Je reviens au film, le rôle principal est tenu par Céline Sallette, qui joue cette DRH, qui a une sorte de prise de conscience même si on peut se demande si celle-ci n’est pas contrainte par les événements. Comme ça a été de jouer avec elle, qui est assez remarquable dans ce rôle ?
« Céline Sallette est une actrice prodigieuse. C’était le deuxième film que nous faisions ensemble. On avait fait un autre film quand elle débutait, avec Pascal Bonitzer. Elle est extraordinaire, parce qu’elle a la beauté, le mystère des héroïnes hollywoodiennes du type Laurent Bacall, elle a le regard d’une Charlotte Rampling, de ce que le cinéma a façonné de plus vénéneux, mystérieux. En même temps c’est une fille de son temps, très simple, très directe, extrêmement instinctive comme actrice. Quand on est en face de gens comme cela, c’est très simple de jouer. Subitement, on a le personnage. Elle est en prise directe avec ce qu’elle doit jouer. On n’a pas l’impression que c’est une diva. La diva en elle, je la vois dans son regard, mais elle-même n’en est pas consciente. Elle est très humble et simple. C’est une fille très sympathique. Ce que j’aime beaucoup chez Céline Sallette, c’est qu’elle est extrêmement versatile, elle change complètement suivant les metteurs en scène. Elle change son apparence physique, elle devient un autre genre d’actrice. Je l’ai vue à Cannes dans le film d’André Téchiné, Nos années folles, qui se passe donc dans les années vingt. Elle y est merveilleuse. C’est vraiment une très bonne camarade de travail et j’aimerais beaucoup retravailler avec elle. »Le film Corporate est présenté en compétition à Karlovy Vary. Dans votre carrière vous avez eu l’occasion de voir de nombreux festivals. Comment trouvez-vous celui de Karlovy Vary ?
« Je viens d’arriver hier soir à Karlovy Vary, c’est une découverte pour moi. J’ai feuilleté rapidement la programmation.
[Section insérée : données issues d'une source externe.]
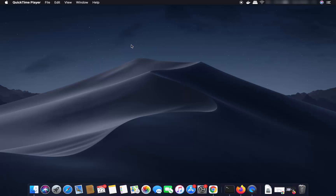Hey guys, in this video I'm going to show you how you can download and install Android Studio on your Mac operating system. Before installing Android Studio, you need to have Java installed on your Mac operating system.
Je me disais en arrivant hier soir, c’est quand même merveilleux notre métier qui nous permet de faire des choses excitantes quand on tourne des films, parce qu’on fait des voyages, qu’on rencontre de nouvelles personnes. Ensuite, il y a cette autre partie où on va défendre des films dans différents pays. La grande surprise quand on arrive dans un festival en dehors de Cannes, de Berlin et de Venise, c’est que dans les autres pays comme ici en République tchèque, il y a un autre univers culturel, des autres références. Des gens qui sont des stars qu’on ne connaît pas forcément. On se plonge dans d’autres priorités culturelles. Cela fait du bien à son orgueil. »
Certaines personnes ne vous connaissent pas…
« Absolument, et je ne connais pas non plus ceux qui créent l’obsession chez une grande partie du public ici. On voit des photos immenses de gens dont on n’a jamais entendu parler. C’est ce côté folklorique de la culture. C’est très lié à la culture locale, pays par pays. Ensuite, c’est aussi un endroit de melting pot où les gens vont se rencontrer. On fait toujours des rencontres insensées. J’ai rencontré par exemple au Festival de Cannes le metteur en scène anglais Ken Loach, avec qui j’ai eu une grande conversation politique sur les élections françaises. Il vient ce soir, je veux absolument qu’il vienne voir le film, il est très intéressé par les questions sociales, comme on le sait. Les festivals permettent ce genre de passerelles entre les pays et les univers. »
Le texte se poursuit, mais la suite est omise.